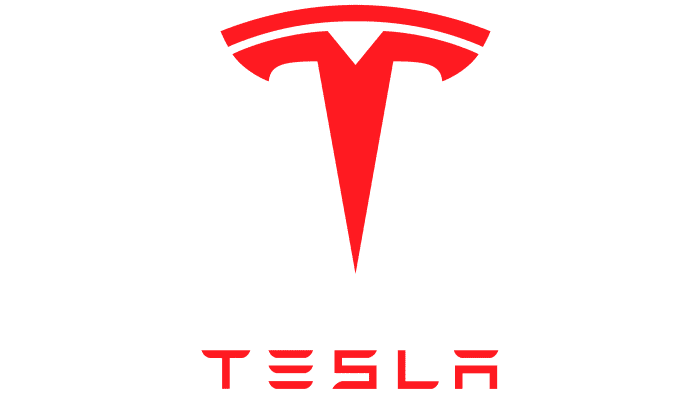 Tesla Logo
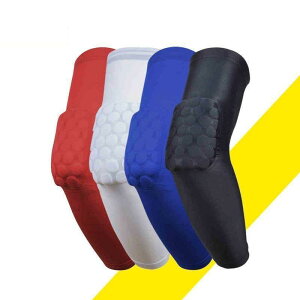 T|[^[ X|[cی I Ip A[Jo[ rJo[ rT|[^[ X|[c oXP AEghA ubN u[ zCg bh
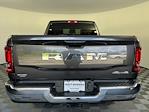 New 2025 Ram 2500 Tradesman Crew Cab 4x4 Pickup for sale #13126 - photo 4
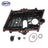 SKP SK615181 Engine Intake Manifold - Upper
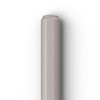 reMarkable - Marker for reMarkable Paper Pro - Warm Gray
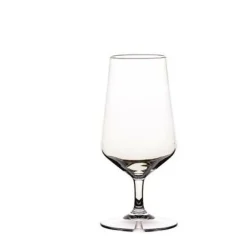 Bierglas 40 cl Tritan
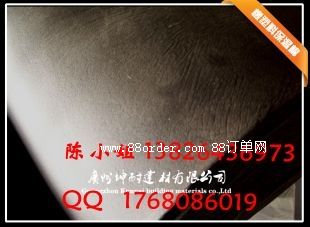 �����ް�����ɫ���ܱ�����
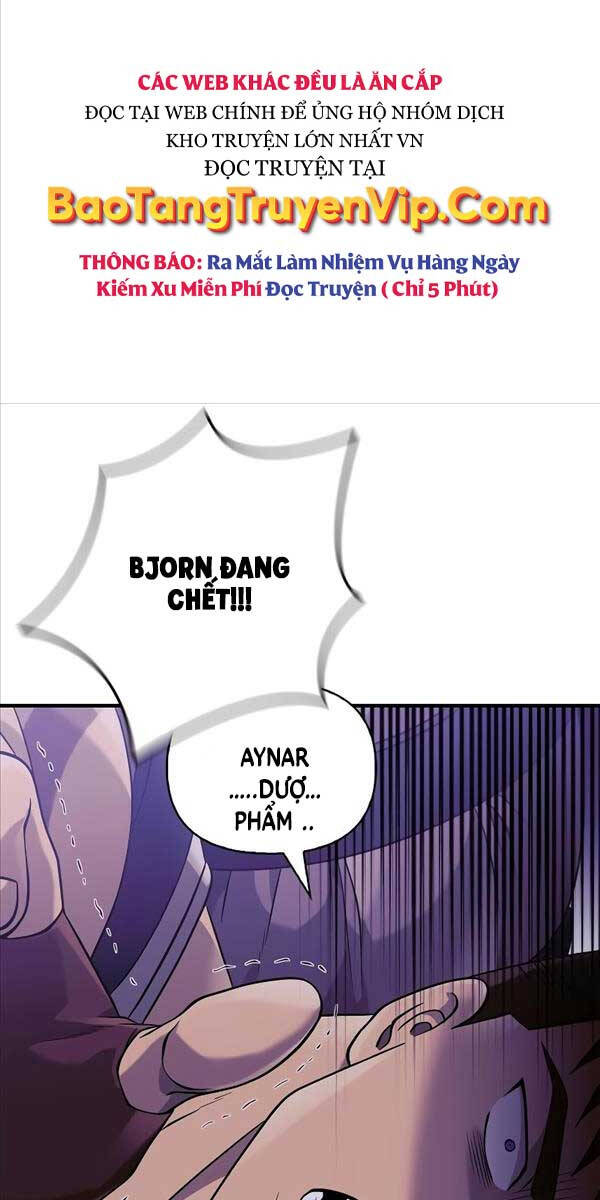 Sống Sót Trong Trò Chơi Với Tư Cách Là Một Cuồng Nhân chapter 21 - Upload bởi truyensieuhay.com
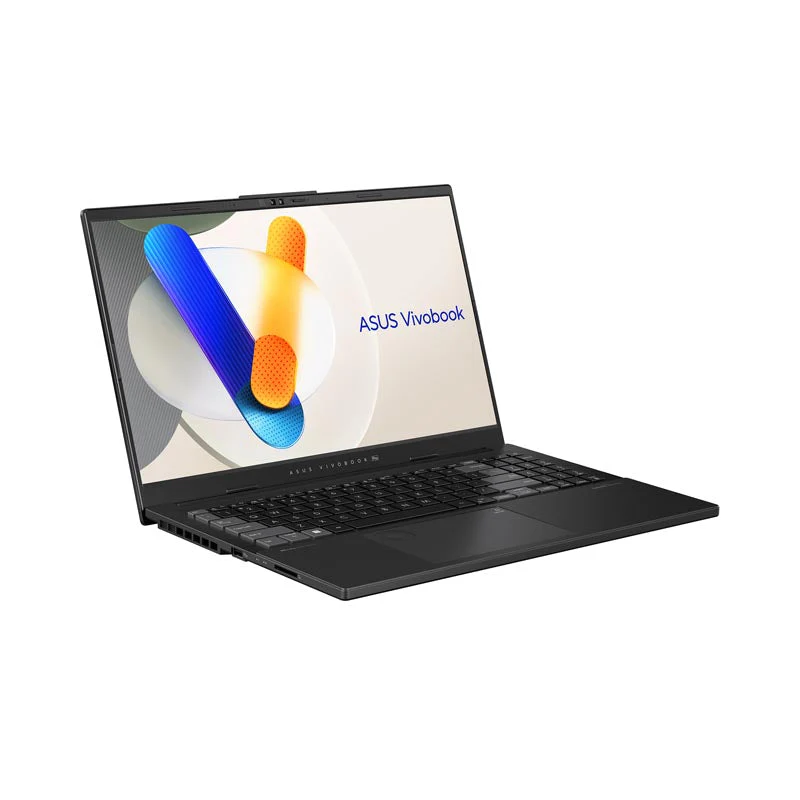 Asus Vivobook Pro 15 N6506CU-MA904W - UT9-285H, 24GB, 1TB, RTX4050, 15.6-inch OLED - Image 3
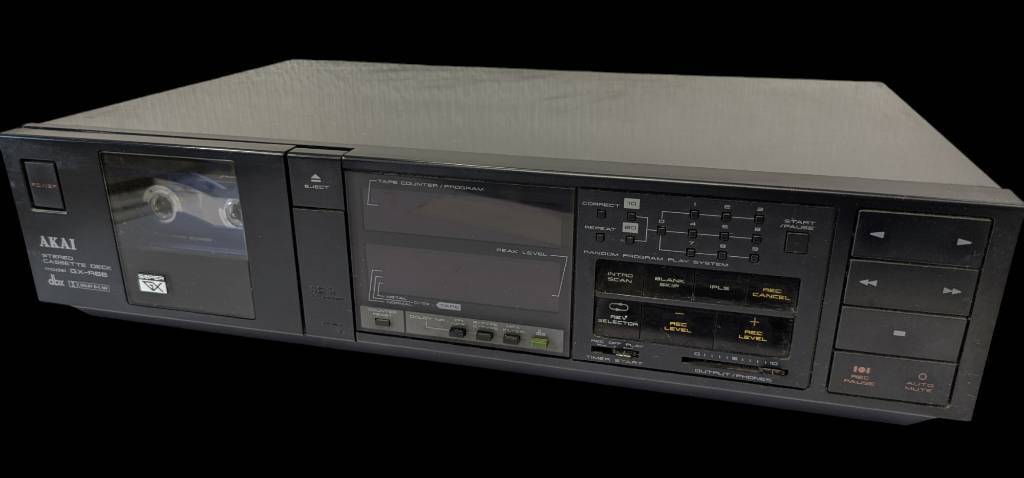Yahoo!オークション -「(Akai」の落札相場・落札価格 Yahoo!オークション -「(Akai」の落札相場・落札価格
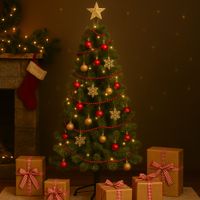 Nivalmix-Arvore-de-Natal-Sodalita-Verde-180-cm-Rio-de-Ouro-2497410-3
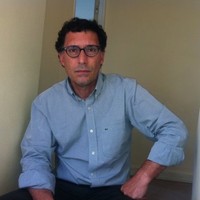 Juan Pablo Enrione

#### [Work to be completed]
Nothing but the lines from the one that holds "New 2025 Ram" through the end of the data should appear, written out exactly, without pictures.

#### [Solution to the exercise]
 New 2025 Ram 2500 Tradesman Crew Cab 4x4 Pickup for sale #13126 - photo 4
 SKP SK615181 Engine Intake Manifold - Upper
 reMarkable - Marker for reMarkable Paper Pro - Warm Gray
 Bierglas 40 cl Tritan
 �����ް�����ɫ���ܱ�����
 Sống Sót Trong Trò Chơi Với Tư Cách Là Một Cuồng Nhân chapter 21 - Upload bởi truyensieuhay.com
 Asus Vivobook Pro 15 N6506CU-MA904W - UT9-285H, 24GB, 1TB, RTX4050, 15.6-inch OLED - Image 3
Yahoo!オークション -「(Akai」の落札相場・落札価格 Yahoo!オークション -「(Akai」の落札相場・落札価格
 Nivalmix-Arvore-de-Natal-Sodalita-Verde-180-cm-Rio-de-Ouro-2497410-3
 Juan Pablo Enrione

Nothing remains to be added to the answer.